▸ **Data to use**:

* * * * *

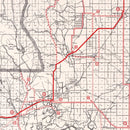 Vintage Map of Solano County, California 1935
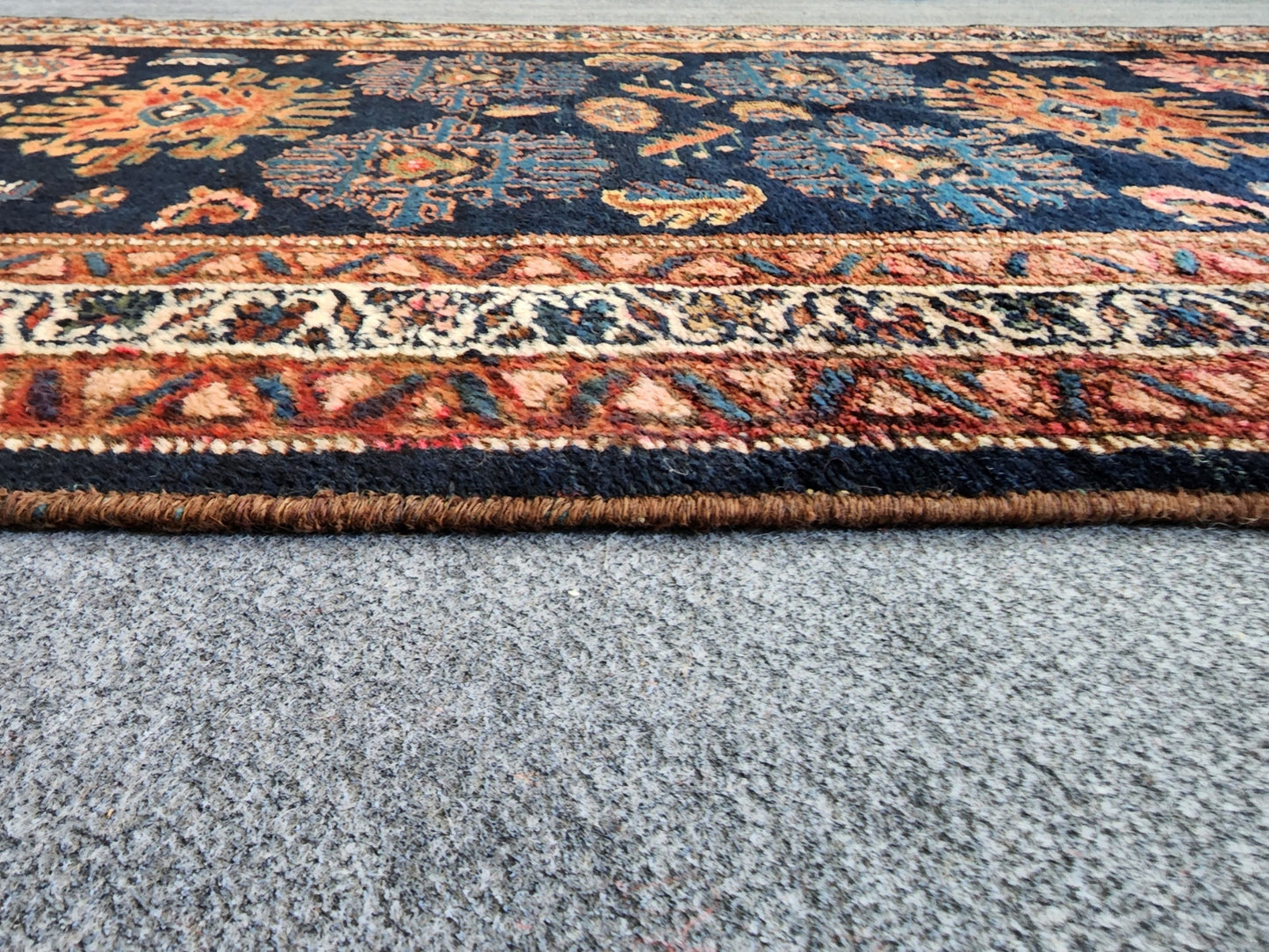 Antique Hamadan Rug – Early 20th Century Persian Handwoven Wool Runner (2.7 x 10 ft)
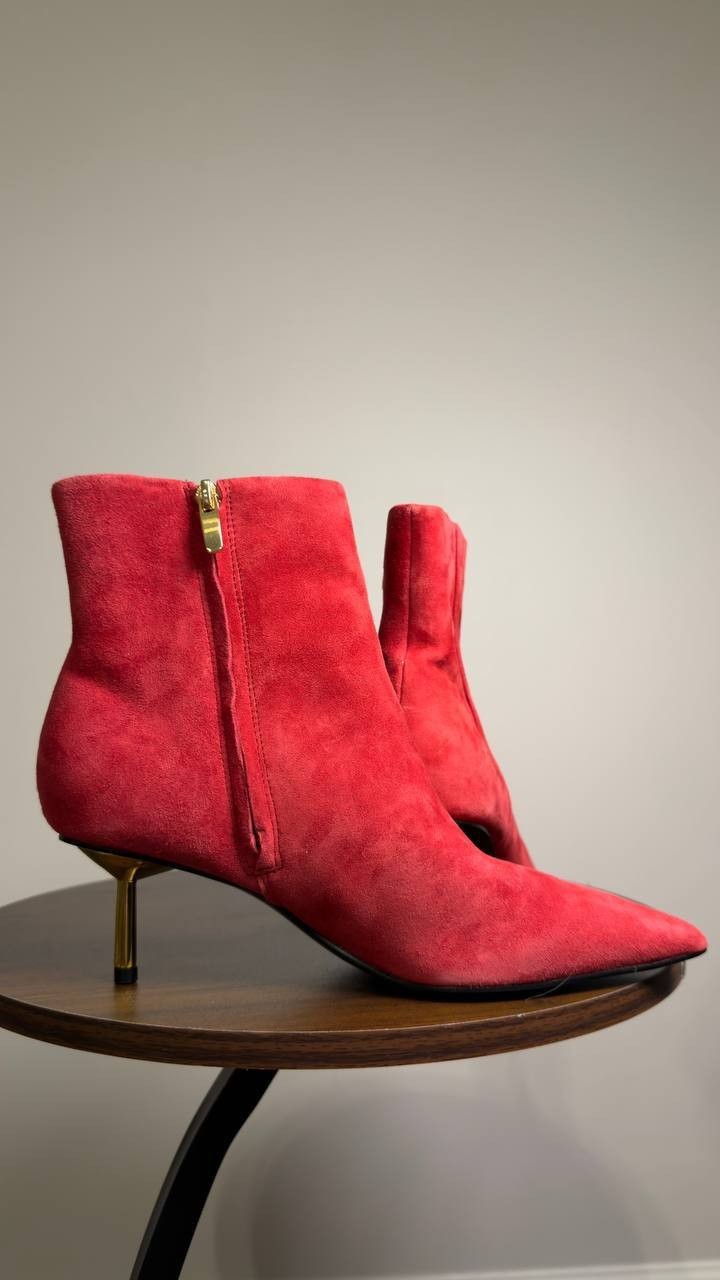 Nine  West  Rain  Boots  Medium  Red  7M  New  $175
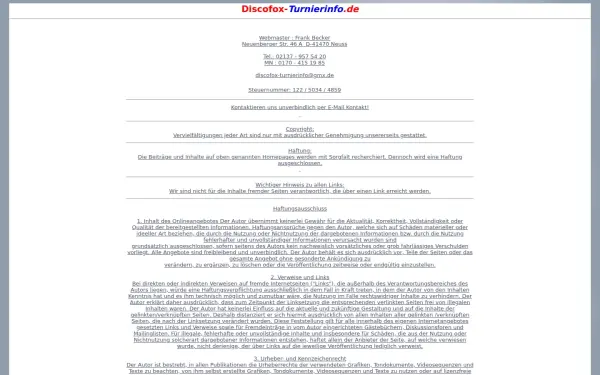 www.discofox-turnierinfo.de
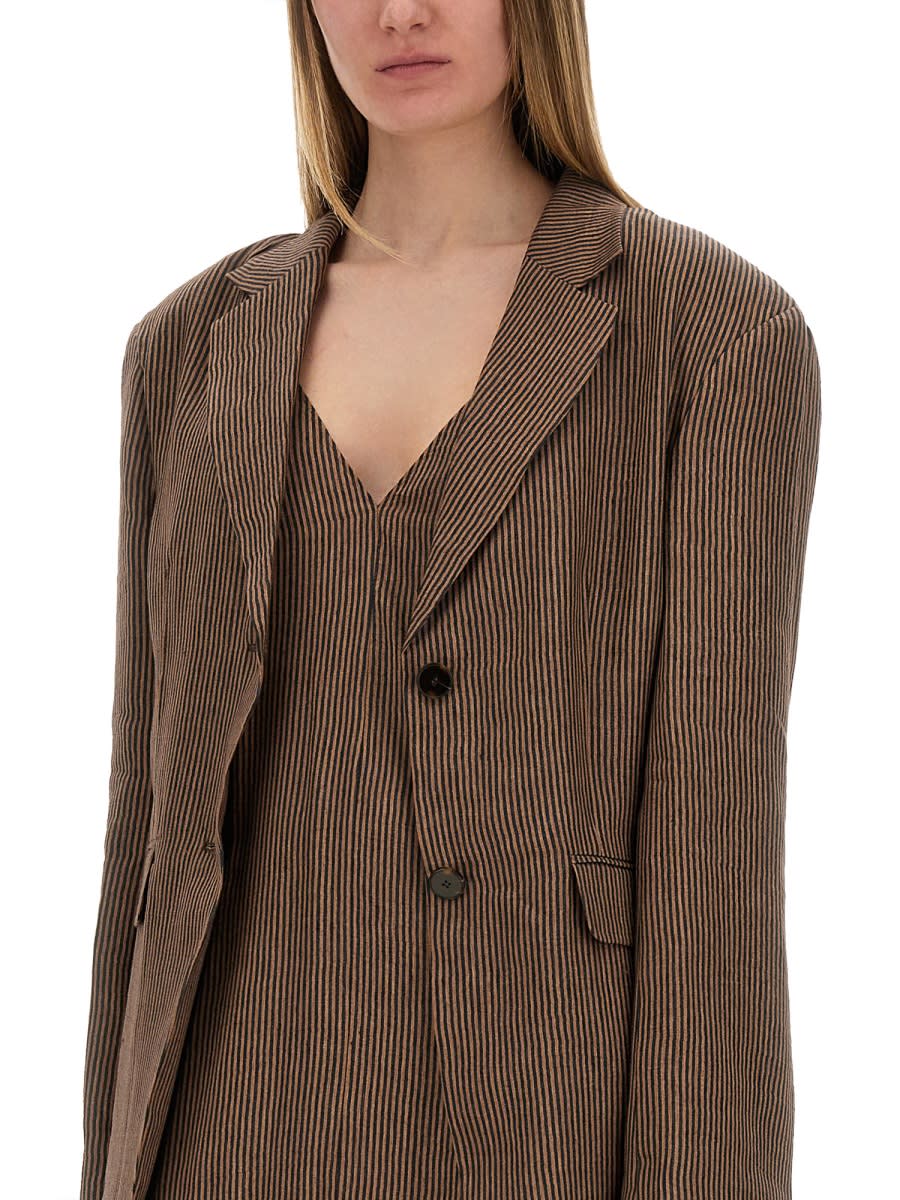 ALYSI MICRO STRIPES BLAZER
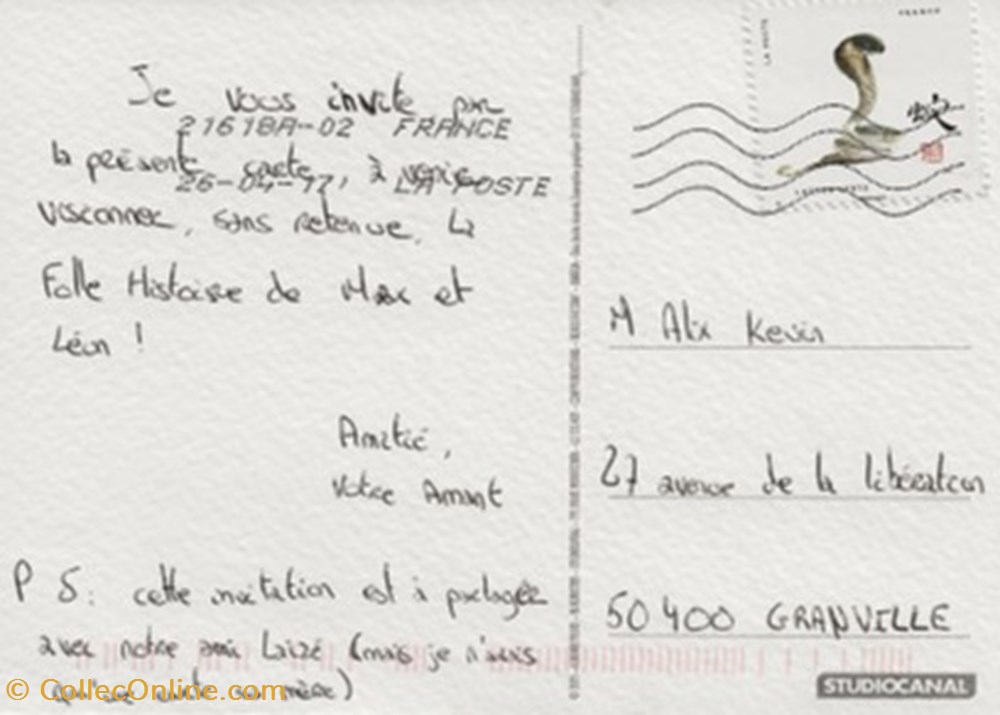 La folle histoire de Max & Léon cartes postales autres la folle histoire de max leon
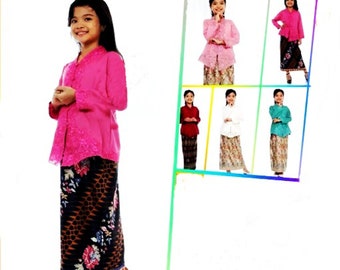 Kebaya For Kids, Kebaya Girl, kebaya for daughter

* * * * *

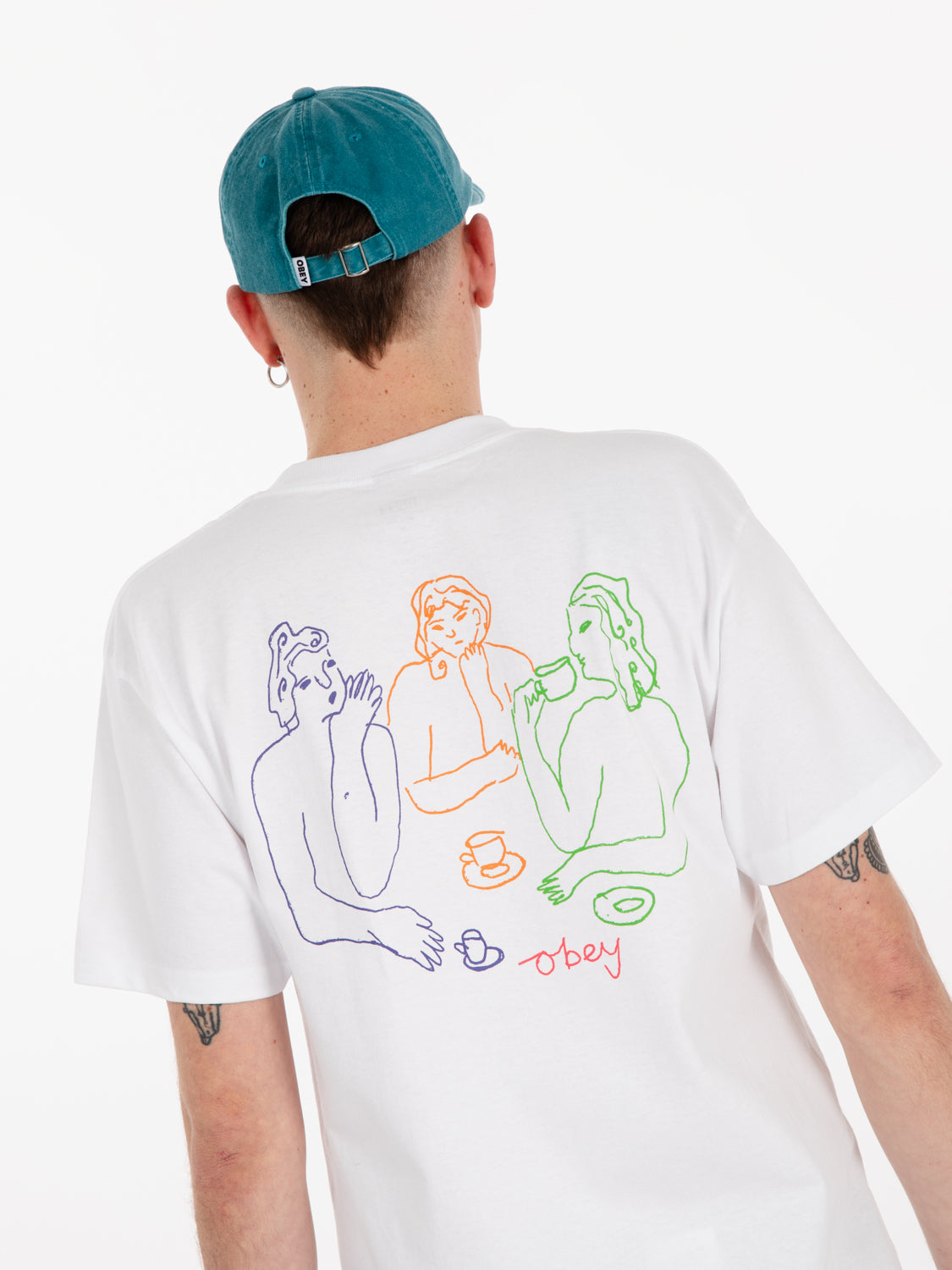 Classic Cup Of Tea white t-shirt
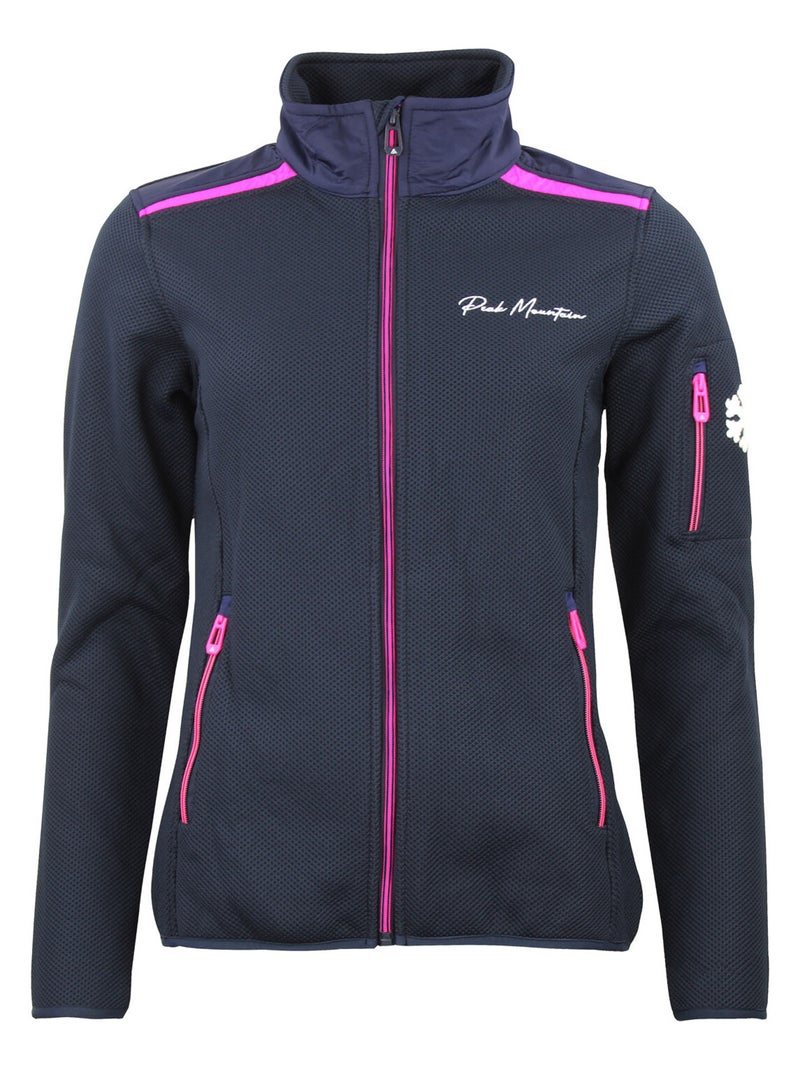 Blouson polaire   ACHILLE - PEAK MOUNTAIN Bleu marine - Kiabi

* * * * *

▸ **Try it**:
I would like the exact lines from the data above, starting with the one that holds "ALYSI MICRO STRIPES BLAZER" and going on through the one that holds "Kebaya For Kids, Kebaya", without the pictures.

▸ **Result of the exercise**:
 ALYSI MICRO STRIPES BLAZER
 La folle histoire de Max & Léon cartes postales autres la folle histoire de max leon
 Kebaya For Kids, Kebaya Girl, kebaya for daughter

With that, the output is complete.